Reencarnación del Gran Hermano. De manera rutinaria, cedemos el acceso de las compañías a nuestros registros personales y bancarios, a nuestros patrones de compra y nuestra ubicación exacta en el planeta. Pero luego, no queremos que nuestros rostros se almacenen en vastas bases de datos, ya sean públicas o privadas. Ahora se habla mucho de la inexactitud, pero es posible que no sea por mucho tiempo el problema más grave. La tecnología está mejorando todo el tiempo y millones de personas ayudan a mejorarla. Cualquiera que desbloquee su teléfono apuntando a la cara ya confía que funcionará lo suficientemente bien. Cualquiera que se haya etiquetado, o a sus amigos, en una foto en redes sociales, también.

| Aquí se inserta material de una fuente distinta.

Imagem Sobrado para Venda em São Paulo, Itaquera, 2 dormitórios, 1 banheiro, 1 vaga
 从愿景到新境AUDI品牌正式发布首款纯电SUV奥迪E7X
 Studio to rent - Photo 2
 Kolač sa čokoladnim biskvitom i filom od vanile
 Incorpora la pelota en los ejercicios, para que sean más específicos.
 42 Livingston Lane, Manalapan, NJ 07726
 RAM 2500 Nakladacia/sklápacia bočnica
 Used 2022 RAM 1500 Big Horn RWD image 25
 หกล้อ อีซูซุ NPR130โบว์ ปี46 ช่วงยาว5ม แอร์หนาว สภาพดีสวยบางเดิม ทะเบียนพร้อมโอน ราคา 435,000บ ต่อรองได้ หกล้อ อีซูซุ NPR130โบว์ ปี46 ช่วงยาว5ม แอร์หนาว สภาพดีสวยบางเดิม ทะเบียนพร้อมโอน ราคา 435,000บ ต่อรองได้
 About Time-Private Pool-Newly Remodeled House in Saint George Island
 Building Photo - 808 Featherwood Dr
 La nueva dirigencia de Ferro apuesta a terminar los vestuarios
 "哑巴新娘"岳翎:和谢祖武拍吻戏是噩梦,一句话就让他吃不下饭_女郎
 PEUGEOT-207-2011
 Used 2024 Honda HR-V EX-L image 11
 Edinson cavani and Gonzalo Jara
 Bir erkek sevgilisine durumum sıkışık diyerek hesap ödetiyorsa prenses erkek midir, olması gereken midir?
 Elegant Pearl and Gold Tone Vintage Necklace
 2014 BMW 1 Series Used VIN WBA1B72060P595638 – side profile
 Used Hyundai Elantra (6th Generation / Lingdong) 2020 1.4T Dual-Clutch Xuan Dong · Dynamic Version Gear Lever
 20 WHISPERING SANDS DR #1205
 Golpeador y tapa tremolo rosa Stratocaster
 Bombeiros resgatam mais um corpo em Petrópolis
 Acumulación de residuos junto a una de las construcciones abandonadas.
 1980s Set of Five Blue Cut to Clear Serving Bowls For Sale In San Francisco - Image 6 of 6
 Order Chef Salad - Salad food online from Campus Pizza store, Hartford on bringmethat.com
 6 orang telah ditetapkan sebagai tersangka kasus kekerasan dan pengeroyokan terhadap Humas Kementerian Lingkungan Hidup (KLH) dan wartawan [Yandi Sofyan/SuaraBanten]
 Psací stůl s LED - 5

No son solo los gobiernos los interesados. El software está disponible y es barato. Se distribuye por todo el Internet de las Cosas, desde los intercomunicadores hasta los asistentes domésticos. Nos hemos acostumbrado, renunciamos a nuestra privacidad, la tecnología que puede ser benigna y beneficiosa, aunque pueda retorcerse hasta permitir calamidades y desgracias inimaginables.

Imagina tu nombre y tu foto en una valla publicitaria por haber cruzado imprudentemente un semáforo, o que el Gobierno te envíe un mensaje de texto por comportarte como te comportas. Una vez que esa tecnología se haga abrumadora y sea percibida como «fiable», el mundo distópico de vigilancia gubernamental será realidad. El Gran Hermano gobernará y está por ver si podremos ser nosotros mismos.